I shivered even though the room was warm. Thinking about the furnace had me anxiously rocking back and forth. My daughter Niki, sitting on the sofa next to me, put her hand comfortingly on my shoulder while her husband Mike nodded in compassion. Arnie and I had had an old fashioned marriage. I took care of cooking, cleaning and laundry. He took care of mowing the lawn, keeping the furnace running and fixing anything that broke down. Four days ago my husband of 37 years had unexpectedly died.
If I had died, a few weeks after the funeral when family and friends went back to their lives, Arnie would have merely starved to death in soiled clothing. This was a fate that I considered far less horrible than the one I was facing at the moment. With Arnie gone, I was sentenced to learning the care and maintenance of the wood-pellet-eating beast in the basement. Knowing that it was-right below where I was sitting-made me shiver again!
Most people have furnaces that are turned on and off with the twist of a thermostat dial and only need a heating specialist’s visit once a year to service the equipment. That would have been too simple and easy for my husband. He bought an unusual furnace that few others have in Central Wisconsin. He installed a furnace that required as much hands-on care as a newborn baby. The dirty thing needed to be burped, diapered and potty trained. All I knew about it at that moment was how to pour in the wood pellets.
Mike said, “Where is your owner’s manual for the furnace? I’d be able to show you what to do once I have a look at it.”
I didn’t know where Arnie had bought the furnace. There were neither stores in the area that carried them nor any local repairmen who were familiar with how they worked. We couldn’t find an owner’s manual anywhere.
Reference librarians can find any information in this world if it exists. My librarian daughter Tammie put her skills to the test. She found and printed an owner’s manual from the Internet. The furnace had been manufactured by a company in Canada.
The problems and mistakes that I’ve made since taking over the care of the furnace are mind-boggling. I started out by feeding it fuel that was laced with nails. Not on purpose, of course. Lesson learned, if the pellet fuel spills on the floor in the shed, don’t be a cheap-skate and sweep it up to use. Just throw it out!
When nails get jammed in an auger, it damages the motor. There are two auger motors below the fuel bin, one to slowly remove the needed fuel from the bin and the other to move the fuel into the fire pot. The fuse that allowed the furnace to work blew once, sometimes twice a day. I replaced one of the motors. It was the wrong one, because the problem with the fuses continued. I called Canada again…and ordered a second motor. It was March when the problem was finally solved that year.
Not letting the furnace cool down properly to clean it resulted in another disaster. The heat and large amounts of oxygen caused the creosote in the pipes between the furnace and chimney to spontaneously combust. Scared, I called 911 for the fire department. By the time they arrived, I had put the fire out.
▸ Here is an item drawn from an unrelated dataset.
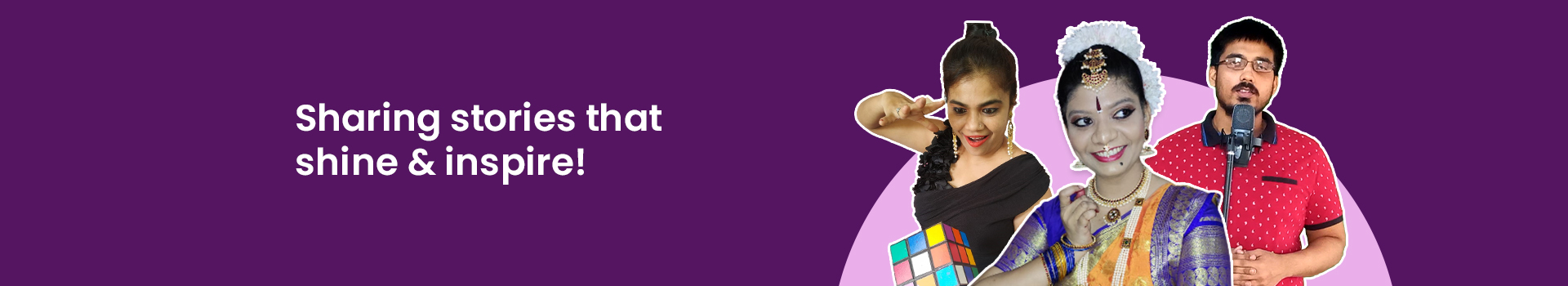 The background of the banner is purple. It has the image three artists with disabilities. The text reads: Sharing stories that shine and inspire!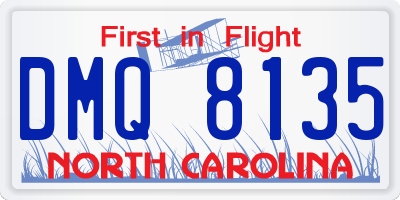 NC license plate DMQ8135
This spring it will be nine years since my husband died. Going into this winter I thought that I had made every mistake a person could make in running a wood pellet furnace. Wrong! I started out by forgetting to properly tighten the bolts on the faceplates covering the heat exchanger pipes. Smoke leaked out at certain times in the cycle of fires until the house smelled like a sausage. The bolt holes now look corroded. Can smoke do that? I’m still researching that answer.
Because of an unusual build-up of creosote from the loose bolt fiasco, the heat sensor didn’t work right. I came home on a warm winter day and found that the fire had gone out and 60 pounds of wood pellets were inside the fire pot area. Clean-up was hell. After that happened a second time, I made another call to Canada.
Feeling very sorry for myself, I sat on an overturned bucket next to the furnace so I could reach head and shoulders into it with a scoop. Every unburned pellet needed to be removed from its sooty, black interior.
I thought with a sniff of sulfurous ash, “I own hell’s furnace.”
My imagination pictured a huge, fire and smoke-belching black furnace. I wondered if the hopeless souls are required to maintain the great, dirty beast. If it doesn’t properly heat hell, Satan would be furious.
I chuckled, “The fuel has nails in it, a popping corn sound are the fuses blowing, hard-to-find motors constantly need to be replaced, while loud clanging sounds fill the air.” Pulling my head and shoulders out of the furnace to pour another scoop of misplaced pellets into a bag, I sighed, “I guess I don’t have it so bad after all.”